Este simple contacto, al que tanto se temía, y que tuvo en consternación al mundo, nada produjo atendido a que, siendo la atmósfera de mayor densidad que el fluido cometario y este, harto sutil, que escapaba a la atracción terrestre, quedando flotante sobre las primeras capas de aquella, no pudo penetrarla, y por lo tanto sus elementos deletereos no pudieron producir daño alguno.

Pasó pues, el temido choque, y la tierra ha seguido cumpliendo su misión en la vida planetaria, la humanidad viviendo tranquila, y feliz, con mayor experiencia de estos fenómenos estelares para lo porvenir, y la ciencia contemporánea recogiendo nuevos datos del reguero luminoso que le ha dejado en su marcha al través de los abismos infinitos, el atrevido y misterioso vraguero del universo.

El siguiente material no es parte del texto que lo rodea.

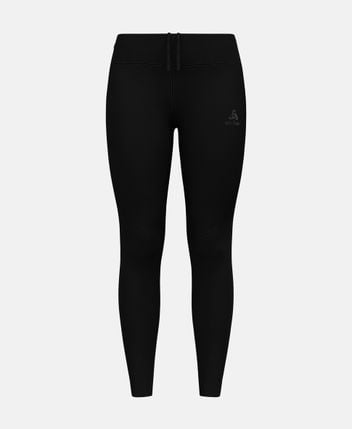 Functional tights Zeroweight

Ahora bien; ¿Habrá fundamento en los hombres para temer al choque de un cometa con la tierra? No hay imposibilidad absoluta en que esto pueda suceder, mas es lo cierto que, tenemos en contra de esta posibilidad 281 millones de veces contra una, por lo cual se vé que todo temor vendría a ser infundado y ridículo.

Cometa de 1770
Este cometa fue descubierto por Messier en Junio de 1770.

Cometa de período breve
Este cometa fue descubierto en Marsella en Noviembre de 1817 por Mr. Pons. Recorre su órbita en tres años y medio.

Cometa de Biela
Fué descubierto el 27 de Febrero de 1824 por Mr. Biela; pero Mr. Gambart, que le observó algunos días después, encontró, determinando sus elementos parabólicos, que ya en 1772 y en 1805 había sido observado.